ROANOKE TIMES

                         Roanoke Times
                 Copyright (c) 1995, Landmark Communications, Inc.

DATE: SUNDAY, February 3, 1991                   TAG: 9102030081
SECTION: NATIONAL/INTERNATIONAL                    PAGE: A/10   EDITION: METRO 
SOURCE: The Baltimore Sun
DATELINE: WASHINGTON                                LENGTH: Medium


COMPUTER-AGE ARSENAL TO AID GROUND WAR

The United States and its allies are preparing for a ground war against Iraqi forces that will rival the air campaign in use of high-tech weapons and exceed it in intensity, military authorities say.

Unlike the air war, however, the land campaign is expected to suffer high casualties at the outset as allied armor and infantry clear Iraqi minefields, breach fortifications and penetrate enemy lines on probably multiple fronts.

The ground thrust would be closely coordinated with aerial bombing and missile strikes, using advanced Army helicopter-borne weapons as well as those employed since the start of the air campaign.

"If the Iraqis think the B-52 bomber is tough," said Rep. Dave McCurdy, D-Okla., "wait until they feel the Multiple Launch Rocket System."

Mounted on a tracked vehicle, a single MLRS can shoot from one to 12 rockets at a time to a distance of about 20 miles. Each of the rockets can spew 644 half-pound "bomblets" on enemy troops, vehicles or air defenses.

McCurdy, a member of the House Armed Services and Intelligence committees, estimated the Army had "probably 100,000" of the artillery rockets in Saudi Arabia.

The MLRS, developed to counter the Soviet Union's rocket artillery in Europe, is just one of the advanced weapons to be brought to bear on Iraqi forces if a combined air-ground assault is ordered.

The Army's primary land weapon - with very large numbers now deployed for battle - is the M1A1 Abrams tank, mounting a 120mm cannon that can shoot while the tank is moving at high speed. It can pick out targets at night with a thermal-imaging sight.

Operating overhead would be the new missile-armed Apache helicopter, also fitted with night-vision devices for round-the-clock operations. Itsanti-tank Hellfire missile is laser guided, riding toward a laser beam focused on targets by ground teams, other aircraft or the Apache itself.
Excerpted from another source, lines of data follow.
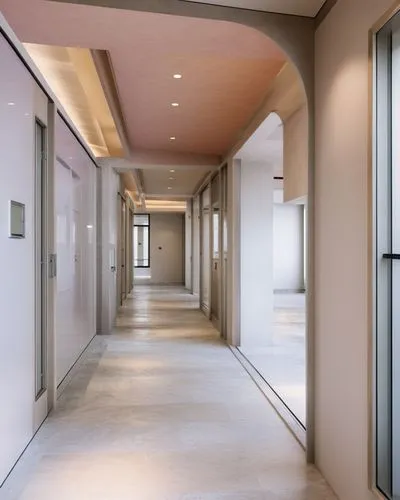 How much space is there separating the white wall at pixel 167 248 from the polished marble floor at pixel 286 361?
494 inches

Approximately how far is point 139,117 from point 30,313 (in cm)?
358

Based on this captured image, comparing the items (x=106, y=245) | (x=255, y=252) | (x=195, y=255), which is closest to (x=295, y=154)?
(x=255, y=252)

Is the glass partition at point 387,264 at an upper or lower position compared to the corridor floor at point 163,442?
upper

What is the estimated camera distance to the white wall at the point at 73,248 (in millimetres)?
5211

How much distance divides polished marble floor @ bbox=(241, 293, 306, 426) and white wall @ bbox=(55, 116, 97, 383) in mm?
2436

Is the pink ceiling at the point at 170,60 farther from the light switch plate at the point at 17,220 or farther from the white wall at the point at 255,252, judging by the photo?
the light switch plate at the point at 17,220

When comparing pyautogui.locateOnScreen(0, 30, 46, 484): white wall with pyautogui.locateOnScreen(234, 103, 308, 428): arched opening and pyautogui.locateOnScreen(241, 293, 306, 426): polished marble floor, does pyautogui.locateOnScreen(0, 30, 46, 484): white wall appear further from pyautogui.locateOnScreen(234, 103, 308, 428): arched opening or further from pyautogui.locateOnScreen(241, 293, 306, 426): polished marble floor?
pyautogui.locateOnScreen(241, 293, 306, 426): polished marble floor

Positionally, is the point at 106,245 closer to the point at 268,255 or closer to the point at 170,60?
the point at 268,255

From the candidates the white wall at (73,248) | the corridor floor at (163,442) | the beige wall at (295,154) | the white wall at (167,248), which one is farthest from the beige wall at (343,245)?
the white wall at (167,248)

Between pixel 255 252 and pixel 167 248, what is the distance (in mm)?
15875

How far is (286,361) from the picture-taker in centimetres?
661

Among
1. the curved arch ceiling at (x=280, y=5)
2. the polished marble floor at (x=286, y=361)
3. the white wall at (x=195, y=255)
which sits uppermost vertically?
the curved arch ceiling at (x=280, y=5)

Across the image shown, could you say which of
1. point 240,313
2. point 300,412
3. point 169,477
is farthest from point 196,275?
point 169,477

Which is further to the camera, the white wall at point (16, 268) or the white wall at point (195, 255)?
the white wall at point (195, 255) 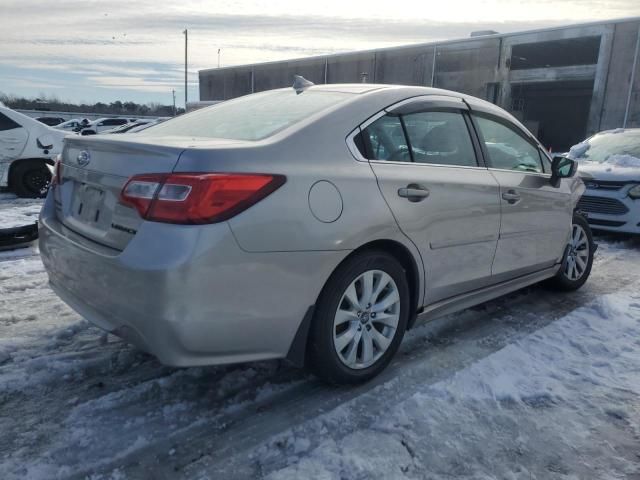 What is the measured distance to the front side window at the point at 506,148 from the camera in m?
3.63

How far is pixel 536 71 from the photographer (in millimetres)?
30453

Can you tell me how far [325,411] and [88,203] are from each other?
1589mm

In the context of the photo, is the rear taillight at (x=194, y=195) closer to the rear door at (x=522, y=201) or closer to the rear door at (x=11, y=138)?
the rear door at (x=522, y=201)

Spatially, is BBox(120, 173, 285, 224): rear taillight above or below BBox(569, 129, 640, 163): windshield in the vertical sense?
below

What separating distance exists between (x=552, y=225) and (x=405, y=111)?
1800mm

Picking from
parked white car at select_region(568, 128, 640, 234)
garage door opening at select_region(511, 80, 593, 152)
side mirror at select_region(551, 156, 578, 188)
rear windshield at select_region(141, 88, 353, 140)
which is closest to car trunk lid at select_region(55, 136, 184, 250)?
rear windshield at select_region(141, 88, 353, 140)

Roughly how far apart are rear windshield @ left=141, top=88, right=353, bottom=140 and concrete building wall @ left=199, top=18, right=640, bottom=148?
91.5ft

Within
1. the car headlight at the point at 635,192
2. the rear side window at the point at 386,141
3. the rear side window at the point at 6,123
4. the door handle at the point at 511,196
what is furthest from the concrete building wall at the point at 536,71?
the rear side window at the point at 386,141

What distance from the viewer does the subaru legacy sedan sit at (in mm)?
2229

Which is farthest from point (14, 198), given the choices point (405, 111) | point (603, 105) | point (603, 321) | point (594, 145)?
point (603, 105)

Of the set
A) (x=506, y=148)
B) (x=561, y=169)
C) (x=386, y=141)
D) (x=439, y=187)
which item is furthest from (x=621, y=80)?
(x=386, y=141)

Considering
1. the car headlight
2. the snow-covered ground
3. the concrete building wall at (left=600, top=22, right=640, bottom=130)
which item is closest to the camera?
the snow-covered ground

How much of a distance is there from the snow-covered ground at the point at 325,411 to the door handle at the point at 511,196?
94 centimetres

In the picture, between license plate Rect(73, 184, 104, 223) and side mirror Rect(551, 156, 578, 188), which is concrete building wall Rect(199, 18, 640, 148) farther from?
license plate Rect(73, 184, 104, 223) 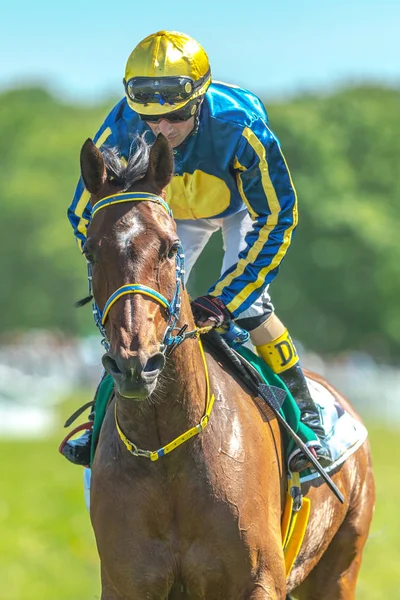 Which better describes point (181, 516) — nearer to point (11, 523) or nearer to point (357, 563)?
point (357, 563)

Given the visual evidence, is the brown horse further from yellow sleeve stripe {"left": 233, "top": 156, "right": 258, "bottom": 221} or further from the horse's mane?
yellow sleeve stripe {"left": 233, "top": 156, "right": 258, "bottom": 221}

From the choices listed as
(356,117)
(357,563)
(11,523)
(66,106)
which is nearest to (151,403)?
(357,563)

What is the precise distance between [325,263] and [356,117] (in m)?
9.95

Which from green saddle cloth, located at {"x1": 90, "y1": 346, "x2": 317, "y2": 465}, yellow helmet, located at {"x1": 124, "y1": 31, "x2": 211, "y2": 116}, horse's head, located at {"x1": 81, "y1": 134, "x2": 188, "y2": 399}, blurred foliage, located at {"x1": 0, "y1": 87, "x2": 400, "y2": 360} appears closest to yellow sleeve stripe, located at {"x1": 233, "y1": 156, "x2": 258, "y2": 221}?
yellow helmet, located at {"x1": 124, "y1": 31, "x2": 211, "y2": 116}

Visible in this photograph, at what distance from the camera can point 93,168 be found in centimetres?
517

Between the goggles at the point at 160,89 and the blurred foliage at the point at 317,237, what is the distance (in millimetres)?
37703

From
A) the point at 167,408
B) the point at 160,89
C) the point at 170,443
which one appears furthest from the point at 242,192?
the point at 170,443

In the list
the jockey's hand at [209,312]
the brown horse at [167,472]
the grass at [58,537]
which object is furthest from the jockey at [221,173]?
the grass at [58,537]

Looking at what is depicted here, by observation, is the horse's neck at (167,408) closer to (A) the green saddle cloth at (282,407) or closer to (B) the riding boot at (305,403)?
(A) the green saddle cloth at (282,407)

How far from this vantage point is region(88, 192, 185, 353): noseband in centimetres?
473

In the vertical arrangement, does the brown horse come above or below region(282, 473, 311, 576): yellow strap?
above

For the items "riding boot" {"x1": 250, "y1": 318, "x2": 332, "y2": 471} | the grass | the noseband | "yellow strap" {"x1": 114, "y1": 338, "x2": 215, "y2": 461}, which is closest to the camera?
the noseband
The Apache has had development problems, but, McCurdy said, "Its problems are not going to keep it out of the sky. It is well-suited to this war."
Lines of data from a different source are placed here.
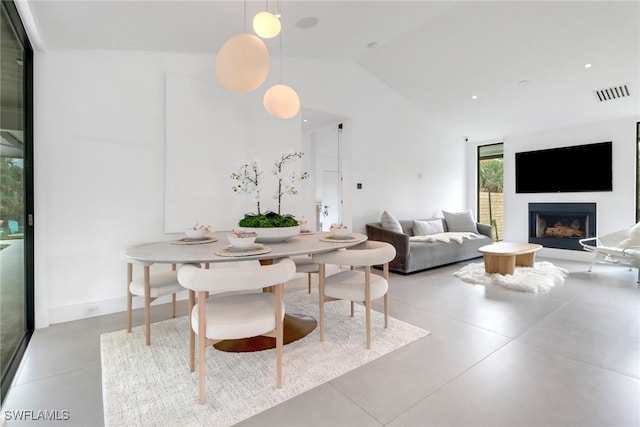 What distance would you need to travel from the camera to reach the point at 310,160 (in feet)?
21.7

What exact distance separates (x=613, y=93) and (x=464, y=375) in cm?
506

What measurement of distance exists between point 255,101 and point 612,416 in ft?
13.0

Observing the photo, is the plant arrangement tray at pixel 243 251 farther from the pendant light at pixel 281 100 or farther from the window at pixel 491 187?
the window at pixel 491 187

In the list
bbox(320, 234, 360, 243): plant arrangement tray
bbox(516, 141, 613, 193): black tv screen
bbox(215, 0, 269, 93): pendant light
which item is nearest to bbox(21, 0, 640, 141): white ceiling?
bbox(516, 141, 613, 193): black tv screen

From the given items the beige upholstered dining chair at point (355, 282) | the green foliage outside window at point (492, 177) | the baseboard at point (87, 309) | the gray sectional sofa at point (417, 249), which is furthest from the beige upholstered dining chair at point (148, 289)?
the green foliage outside window at point (492, 177)

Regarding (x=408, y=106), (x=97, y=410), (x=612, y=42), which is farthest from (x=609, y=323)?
(x=408, y=106)

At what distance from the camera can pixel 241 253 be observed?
183 centimetres

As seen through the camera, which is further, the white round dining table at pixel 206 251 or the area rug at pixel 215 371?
the white round dining table at pixel 206 251

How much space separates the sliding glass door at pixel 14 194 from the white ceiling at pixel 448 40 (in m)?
0.30

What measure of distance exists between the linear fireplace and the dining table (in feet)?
16.8

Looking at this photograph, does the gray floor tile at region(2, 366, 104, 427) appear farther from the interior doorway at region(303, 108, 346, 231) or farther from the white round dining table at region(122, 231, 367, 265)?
the interior doorway at region(303, 108, 346, 231)

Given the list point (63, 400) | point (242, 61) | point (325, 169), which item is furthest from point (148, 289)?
point (325, 169)

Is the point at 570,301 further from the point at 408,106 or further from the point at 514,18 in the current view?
the point at 408,106

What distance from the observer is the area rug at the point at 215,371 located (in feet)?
5.02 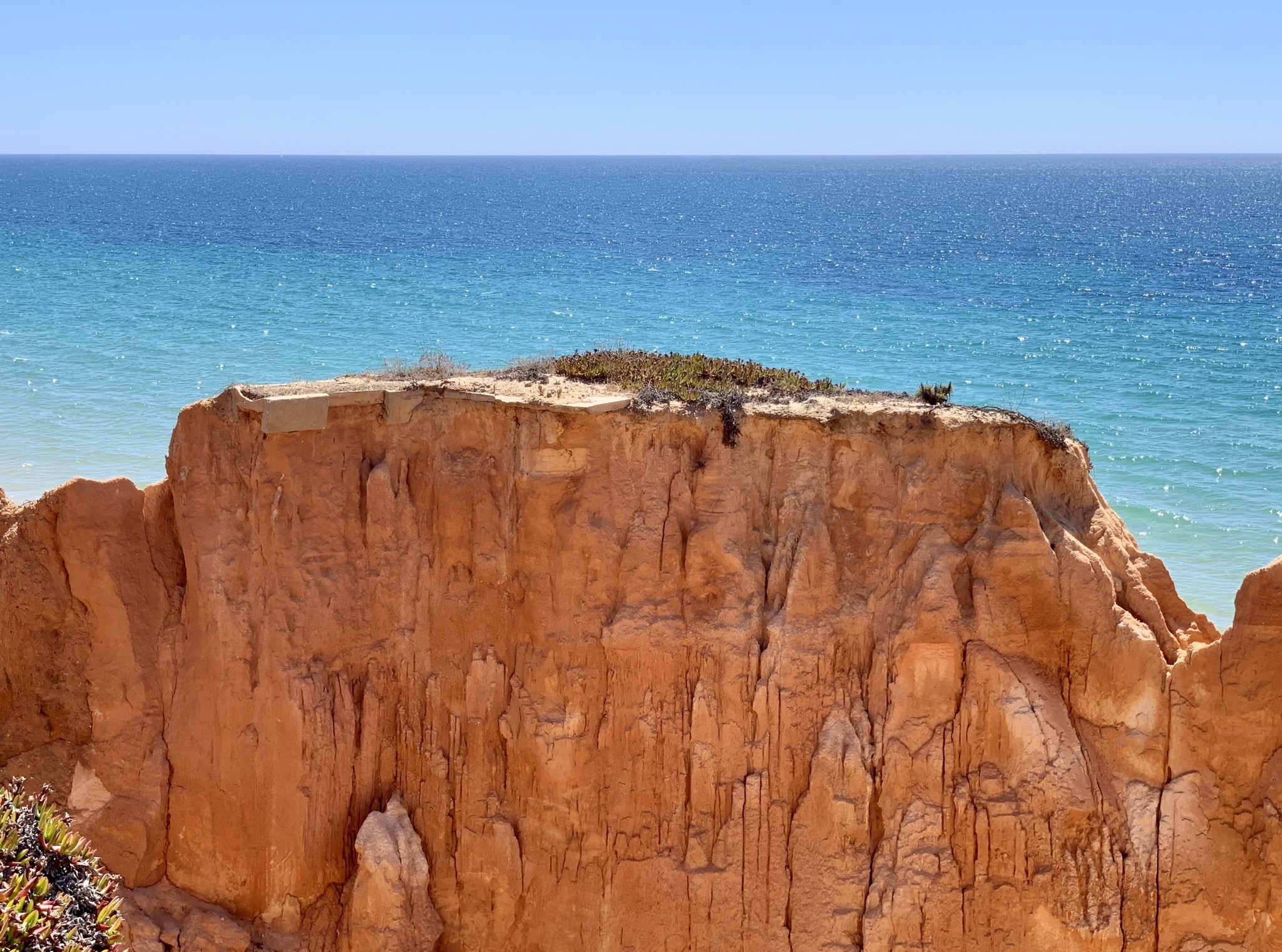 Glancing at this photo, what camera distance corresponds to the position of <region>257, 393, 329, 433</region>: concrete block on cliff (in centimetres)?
1262

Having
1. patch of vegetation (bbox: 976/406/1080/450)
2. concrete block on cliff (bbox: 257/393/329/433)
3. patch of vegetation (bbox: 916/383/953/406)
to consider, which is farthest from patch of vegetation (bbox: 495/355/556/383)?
patch of vegetation (bbox: 976/406/1080/450)

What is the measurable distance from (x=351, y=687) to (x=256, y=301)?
42.6 m

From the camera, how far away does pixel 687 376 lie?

The latest ground force weapon reported to be deployed in Saudi Arabia is the Army Tactical Missile System, called ATACMS.

There is not yet a large arsenal of these weapons, and their use might come under the heading of realistic operational testing.

W. Seth Carus, a missile authority at the Washington Institute for Near East Policy, said the ATACMS has a range of about 90 miles. He described it as semi-ballistic - capable of maneuvering around air defense sites instead of flying a predictable ballistic course.

The missile is fired from the Multiple Launch Rocket System used for the artillery rockets. Army sources said the present version can have its computer-stored target information updated seconds before launching, but cannot yet be given mid-course directions to moving targets.

It has been reported that an ATACMS warhead can discharge 1,000 "bomblets" against enemy troops or equipment.

Another advanced military system getting its first tryout in the gulf war is the Joint Surveillance and Target Attack Radar System, JSTARS.

If it lives up to its design goals, it is likely to become as familiar as the AWACS - the Airborne Warning and Control System - that detects enemy aircraft and controls air battles, and is often dispatched to trouble spots to show the flag.

The JSTARS is a 707 airplane, like the AWACS, but is crammed with electronic equipment to detect ground movements rather than air operations. There is only one in existence, and there was apparently some controversy in the Pentagon about sending it to the gulf before testing was complete.

Gen. Norman Schwarzkopf, the U.S. commander in the gulf, has spoken well of the JSTARS' ability to detect and follow enemy troop movements.

Ideally, the plane can tell commanders exactly where ground targets are and what movements they make so that they can be struck almost immediately.

For all the sophisticated new arms, however, one huge obstacle, said Michael Eisenstadt of the Washington Institute, must be overcome "more by technique than by technology."

That is the minefields laid by the Iraqis around the Kuwaiti border. They "have had plenty of time" since August to spread the treacherous devices, an Army source pointed out.

He said the allies have doubtless been reviewing all the techniques for "a quick breach" of the fields to clear corridors for advancing armor and mechanized infantry.

The Army source and Eisenstadt both said combat engineers would shoot rope-like lines of explosives out over a minefield to explode the mines over a wide enough path for tank columns.